» **PROBLEM STATEMENT**:
Please transcribe the data exactly, with nothing left out.

SUPPLIED DATA Start Marker

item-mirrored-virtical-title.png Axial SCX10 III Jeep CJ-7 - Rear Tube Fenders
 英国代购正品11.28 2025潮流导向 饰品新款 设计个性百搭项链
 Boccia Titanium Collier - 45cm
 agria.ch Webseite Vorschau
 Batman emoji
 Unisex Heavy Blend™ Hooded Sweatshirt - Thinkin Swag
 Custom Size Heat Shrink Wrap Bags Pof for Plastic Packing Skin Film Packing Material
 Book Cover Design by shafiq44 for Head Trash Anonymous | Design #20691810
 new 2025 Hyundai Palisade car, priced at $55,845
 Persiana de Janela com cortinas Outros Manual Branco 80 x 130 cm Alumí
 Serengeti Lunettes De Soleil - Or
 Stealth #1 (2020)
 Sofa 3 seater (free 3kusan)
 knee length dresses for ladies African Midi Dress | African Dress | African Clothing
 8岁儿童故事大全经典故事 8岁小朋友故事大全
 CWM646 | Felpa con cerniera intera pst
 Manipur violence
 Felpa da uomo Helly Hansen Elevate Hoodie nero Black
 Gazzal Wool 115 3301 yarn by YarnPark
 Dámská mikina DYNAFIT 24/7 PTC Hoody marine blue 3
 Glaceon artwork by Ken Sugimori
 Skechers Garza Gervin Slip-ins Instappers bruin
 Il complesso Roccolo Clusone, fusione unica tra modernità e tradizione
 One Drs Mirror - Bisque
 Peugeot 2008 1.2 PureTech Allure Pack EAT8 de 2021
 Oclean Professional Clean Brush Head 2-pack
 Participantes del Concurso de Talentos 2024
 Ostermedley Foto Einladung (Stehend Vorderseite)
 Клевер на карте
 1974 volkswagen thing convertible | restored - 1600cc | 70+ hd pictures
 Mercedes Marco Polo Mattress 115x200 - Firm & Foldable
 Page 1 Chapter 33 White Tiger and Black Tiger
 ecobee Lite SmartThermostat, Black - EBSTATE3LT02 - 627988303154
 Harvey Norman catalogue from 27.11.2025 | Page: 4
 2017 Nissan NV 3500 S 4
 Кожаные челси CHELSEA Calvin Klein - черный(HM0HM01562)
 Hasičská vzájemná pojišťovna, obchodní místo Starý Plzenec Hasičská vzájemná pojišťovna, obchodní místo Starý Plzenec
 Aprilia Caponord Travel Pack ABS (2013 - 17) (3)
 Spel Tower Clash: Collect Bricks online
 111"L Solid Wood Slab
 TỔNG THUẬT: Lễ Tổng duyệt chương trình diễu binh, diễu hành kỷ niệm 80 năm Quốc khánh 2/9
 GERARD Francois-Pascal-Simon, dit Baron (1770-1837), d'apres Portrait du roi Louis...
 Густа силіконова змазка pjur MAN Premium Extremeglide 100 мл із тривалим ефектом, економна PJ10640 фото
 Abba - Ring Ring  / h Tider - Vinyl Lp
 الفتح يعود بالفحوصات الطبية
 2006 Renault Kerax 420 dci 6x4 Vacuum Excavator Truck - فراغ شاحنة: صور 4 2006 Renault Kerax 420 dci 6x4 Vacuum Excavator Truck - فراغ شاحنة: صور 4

SUPPLIED DATA End Marker

» **RESPONSE TO THE TASK**:
item-mirrored-virtical-title.png Axial SCX10 III Jeep CJ-7 - Rear Tube Fenders
 英国代购正品11.28 2025潮流导向 饰品新款 设计个性百搭项链
 Boccia Titanium Collier - 45cm
 agria.ch Webseite Vorschau
 Batman emoji
 Unisex Heavy Blend™ Hooded Sweatshirt - Thinkin Swag
 Custom Size Heat Shrink Wrap Bags Pof for Plastic Packing Skin Film Packing Material
 Book Cover Design by shafiq44 for Head Trash Anonymous | Design #20691810
 new 2025 Hyundai Palisade car, priced at $55,845
 Persiana de Janela com cortinas Outros Manual Branco 80 x 130 cm Alumí
 Serengeti Lunettes De Soleil - Or
 Stealth #1 (2020)
 Sofa 3 seater (free 3kusan)
 knee length dresses for ladies African Midi Dress | African Dress | African Clothing
 8岁儿童故事大全经典故事 8岁小朋友故事大全
 CWM646 | Felpa con cerniera intera pst
 Manipur violence
 Felpa da uomo Helly Hansen Elevate Hoodie nero Black
 Gazzal Wool 115 3301 yarn by YarnPark
 Dámská mikina DYNAFIT 24/7 PTC Hoody marine blue 3
 Glaceon artwork by Ken Sugimori
 Skechers Garza Gervin Slip-ins Instappers bruin
 Il complesso Roccolo Clusone, fusione unica tra modernità e tradizione
 One Drs Mirror - Bisque
 Peugeot 2008 1.2 PureTech Allure Pack EAT8 de 2021
 Oclean Professional Clean Brush Head 2-pack
 Participantes del Concurso de Talentos 2024
 Ostermedley Foto Einladung (Stehend Vorderseite)
 Клевер на карте
 1974 volkswagen thing convertible | restored - 1600cc | 70+ hd pictures
 Mercedes Marco Polo Mattress 115x200 - Firm & Foldable
 Page 1 Chapter 33 White Tiger and Black Tiger
 ecobee Lite SmartThermostat, Black - EBSTATE3LT02 - 627988303154
 Harvey Norman catalogue from 27.11.2025 | Page: 4
 2017 Nissan NV 3500 S 4
 Кожаные челси CHELSEA Calvin Klein - черный(HM0HM01562)
 Hasičská vzájemná pojišťovna, obchodní místo Starý Plzenec Hasičská vzájemná pojišťovna, obchodní místo Starý Plzenec
 Aprilia Caponord Travel Pack ABS (2013 - 17) (3)
 Spel Tower Clash: Collect Bricks online
 111"L Solid Wood Slab
 TỔNG THUẬT: Lễ Tổng duyệt chương trình diễu binh, diễu hành kỷ niệm 80 năm Quốc khánh 2/9
 GERARD Francois-Pascal-Simon, dit Baron (1770-1837), d'apres Portrait du roi Louis...
 Густа силіконова змазка pjur MAN Premium Extremeglide 100 мл із тривалим ефектом, економна PJ10640 фото
 Abba - Ring Ring  / h Tider - Vinyl Lp
 الفتح يعود بالفحوصات الطبية
 2006 Renault Kerax 420 dci 6x4 Vacuum Excavator Truck - فراغ شاحنة: صور 4 2006 Renault Kerax 420 dci 6x4 Vacuum Excavator Truck - فراغ شاحنة: صور 4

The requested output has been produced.